Closed jenlampton closed 1 year ago
One possibility, from the GDPR extension:
"The right to be forgotten, allowing users of CiviCRM to easily anonymise a contact record, hiding any person details but keeping the financial and other history. The action also exists as an API and therefore can be bolted into other processes."
https://civicrm.org/extensions/gdpr
This code/process can probably be adapted to copy the database, run the anonymization process, and dump it. (Process confirmed by @mikeymjco on the CiviCRM Mattermost chat)
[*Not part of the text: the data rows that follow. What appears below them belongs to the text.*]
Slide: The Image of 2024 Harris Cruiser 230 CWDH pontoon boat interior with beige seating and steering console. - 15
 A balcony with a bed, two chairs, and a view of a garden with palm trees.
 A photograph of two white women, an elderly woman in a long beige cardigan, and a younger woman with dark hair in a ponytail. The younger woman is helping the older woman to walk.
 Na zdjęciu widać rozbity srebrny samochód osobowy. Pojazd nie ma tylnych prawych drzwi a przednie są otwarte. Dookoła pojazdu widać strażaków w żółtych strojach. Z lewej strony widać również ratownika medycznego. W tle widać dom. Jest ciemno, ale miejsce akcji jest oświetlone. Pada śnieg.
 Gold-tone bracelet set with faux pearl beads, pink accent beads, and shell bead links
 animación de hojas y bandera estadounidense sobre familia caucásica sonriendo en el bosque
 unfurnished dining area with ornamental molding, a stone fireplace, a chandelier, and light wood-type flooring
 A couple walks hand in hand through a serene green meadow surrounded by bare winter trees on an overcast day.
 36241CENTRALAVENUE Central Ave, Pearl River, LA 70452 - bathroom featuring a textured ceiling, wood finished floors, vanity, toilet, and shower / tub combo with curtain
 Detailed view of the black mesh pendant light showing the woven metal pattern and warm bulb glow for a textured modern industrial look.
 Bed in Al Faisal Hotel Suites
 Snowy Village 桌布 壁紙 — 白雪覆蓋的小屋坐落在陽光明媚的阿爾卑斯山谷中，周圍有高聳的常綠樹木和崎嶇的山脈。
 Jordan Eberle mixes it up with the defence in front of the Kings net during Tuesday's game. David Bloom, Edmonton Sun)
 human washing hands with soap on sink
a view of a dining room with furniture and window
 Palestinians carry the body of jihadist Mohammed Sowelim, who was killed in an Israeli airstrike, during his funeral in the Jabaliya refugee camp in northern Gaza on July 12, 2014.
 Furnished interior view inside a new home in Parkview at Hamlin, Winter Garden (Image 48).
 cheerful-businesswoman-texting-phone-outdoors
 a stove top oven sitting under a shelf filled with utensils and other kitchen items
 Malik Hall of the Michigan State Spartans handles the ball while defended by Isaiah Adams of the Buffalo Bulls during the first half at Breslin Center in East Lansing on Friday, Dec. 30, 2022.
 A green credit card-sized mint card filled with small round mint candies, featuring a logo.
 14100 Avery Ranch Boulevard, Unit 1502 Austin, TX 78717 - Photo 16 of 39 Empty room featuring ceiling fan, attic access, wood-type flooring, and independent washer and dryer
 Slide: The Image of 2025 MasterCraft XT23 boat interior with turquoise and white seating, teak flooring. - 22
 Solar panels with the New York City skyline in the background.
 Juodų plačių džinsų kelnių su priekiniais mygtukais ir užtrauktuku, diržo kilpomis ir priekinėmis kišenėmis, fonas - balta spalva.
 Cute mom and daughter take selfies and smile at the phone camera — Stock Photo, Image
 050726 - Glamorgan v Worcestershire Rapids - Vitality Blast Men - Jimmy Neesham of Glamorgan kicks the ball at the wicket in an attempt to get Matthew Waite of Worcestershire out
On #789 @bugfolder flagged that we'll need to figure this out before we enable CiviCRM on b.org for the first time:
one of the tasks before we start populating Civi with data on the live b.org site is a strategy for sanitization of CiviCRM data for people building local versions of b.org from sanitized data/files. If we distribute sanitized Civi dbs, we'll need to be sure to sanitize any custom data fields we create (e.g., Full Name), in addition to Civi's built-in First/Middle/Last, etc.
I'm unfamiliar with the current process for generating and distributing sanitized b.org data and files; perhaps the CiviCRM side of this can be handled the same way?
In today's meeting we discussed how we could move forward without sanitizing the civi database, since that seems like it may be a monumental task, since pretty much everything in civi is Personally Identifying Information.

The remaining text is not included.